I don’t usually make my own pie crust – I buy either a gluten free nut crust or a gluten free regular pie crust. If you don’t care about gluten free, there are many frozen pie crusts available in the freezer section of most grocery stores. Just make sure they are vegan.
Pie Filling Ingredients:
- 1 can of pumpkin puree
- 1 cup of coconut cream (I like Thai Kitchen) or whatever heavy coconut cream you can find.
- 1 cup brown sugar
- 1 teaspoon ginger
- 1/2 teaspoon nutmeg
- 1 teaspoon cinnamon
- 1/8 teaspoon cloves
- 1/8 teaspoon allspice
- ½ teaspoon salt
- 3 tablespoons cornstarch
Instructions:
- Blend all the ingredients until smooth and creamy
- Pour the pie filling into your pie crust of choice
- Bake at 375 degrees for about an hour. Depending on your crust, you may need to add a little tin foil around the edges for the last 20 minutes or so if you notice your crust is baking faster than the pie filling.

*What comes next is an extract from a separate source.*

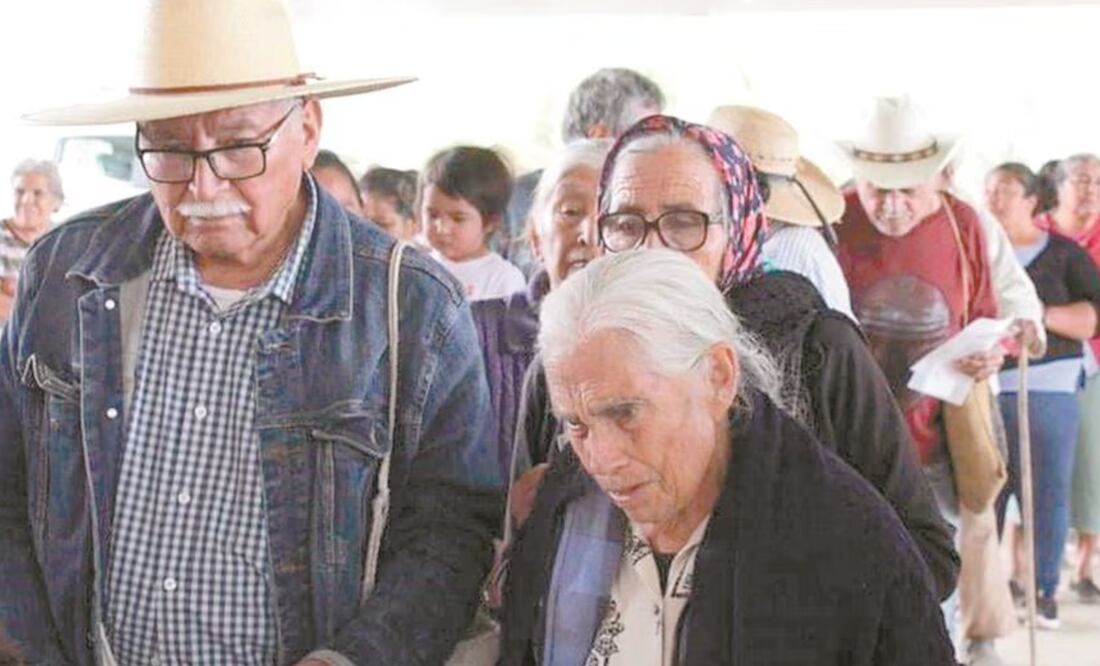 López Obrador recordó que por la veda electoral se adelantaron la entrega de programas sociales, por ejemplo, la Pensión de Adultos Mayores. Foto: EL UNIVERSAL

- Let the pie cool for an hour on the counter before putting it in the refrigerator. I suggest making this pie a day before and letting it chill in the refrigerator.
- Serve with vegan whipped cream
If you are local to San Diego, you have some vegan pumpkin pie hacks if you don’t want to make your own pie. Jimbo’s naturally has an outstanding vegan pumpkin pie with a gluten free crust. Seaside Market in Cardiff-by- the Sea also has a very good store bought option.